First goal is to retrieve data from the Land Registry's website and analyse house prices on the limited features that they make available:
- Postcode - Property type - Tenure - Build type
Once this initial analysis has been carried out, next is to pull in more features to improve and strengthen the model (in no particular order):
- # Bedrooms - Square footage - Proximity and abundance of transport links - Local wealth (Referencing information) - Crime rates in the area - Council tax banding - Density of properties - Property performance (e.g EPC certificates) - Rent prices in the area - Green space - Average rainfall and/or other weather indicators
postcode co-ordinates - https://github.com/dwyl/uk-postcodes-latitude-longitude-complete-csv
pricing model - http://www.doc.ic.ac.uk/~mpd37/theses/2015_beng_aaron-ng.pdf
We then format these columns in order to run further analysis such as formatting dates to datetime and month values.

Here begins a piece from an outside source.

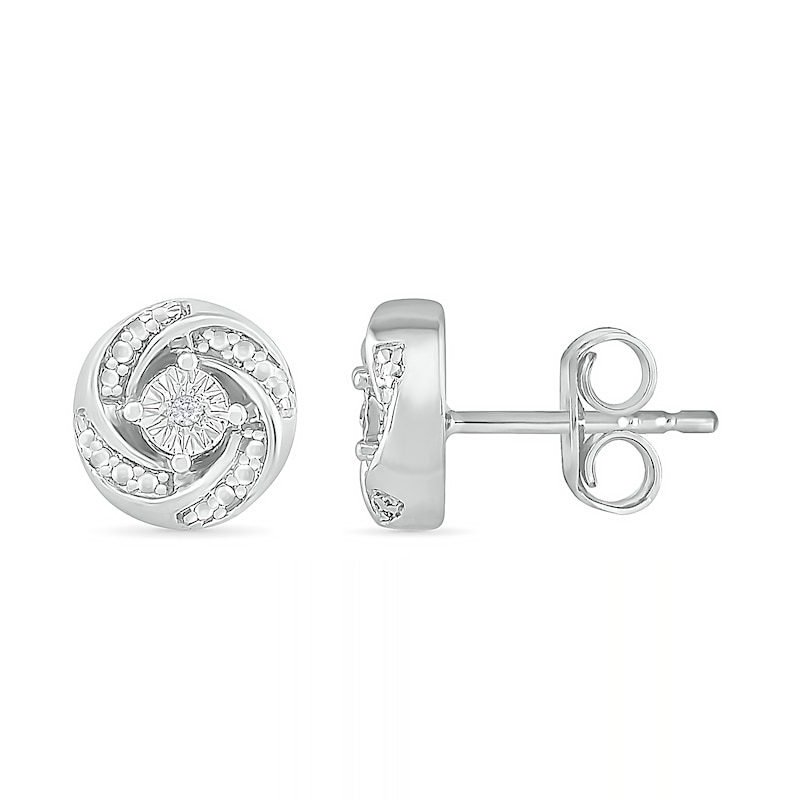 Diamond Accent Spiral Stud Earrings in Sterling Silver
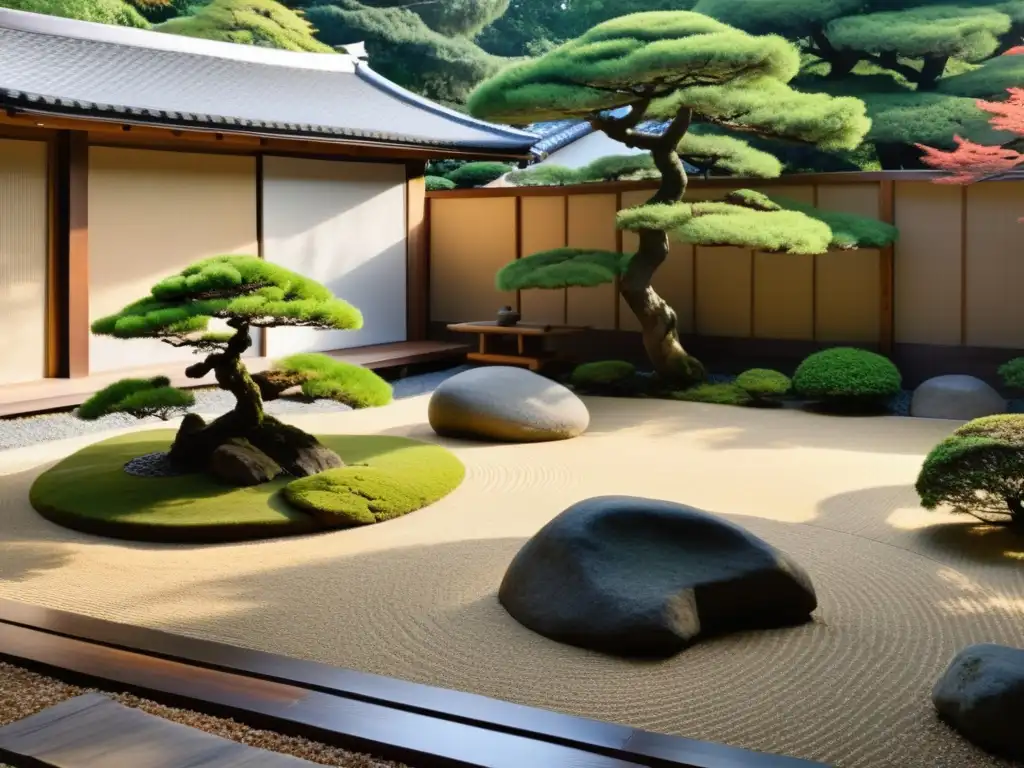 Un jardín zen japonés tradicional con bonsáis, grava, musgo, y un estanque con peces koi, rodeado por una valla de madera y una casa de té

As we will be looking into leveraging the location of the properties themselves to see if and how that affects the price, we will need to run ruther transformation on the postcode.
Next we add the longitude and latitudes directly on the postcodes.
There are a number of postcodes that are missing within the dataframe and close to 90% of those missing values have the property type of 'other'. As this property type is somewhat ambiguous and makes up the majority of missing postcodes, we will drop all observations with this property type.
To add to this, the long. lat. csv has failed to join on 64,321 rows - We will need to run further analysis into why there were such a large number of properties missing long lat values.
I ran some basic visualisations to get a sense of the data - I found that property prices are heavily squewed to the right. As such applying a mask to only include those with a value of less 1 million pounds.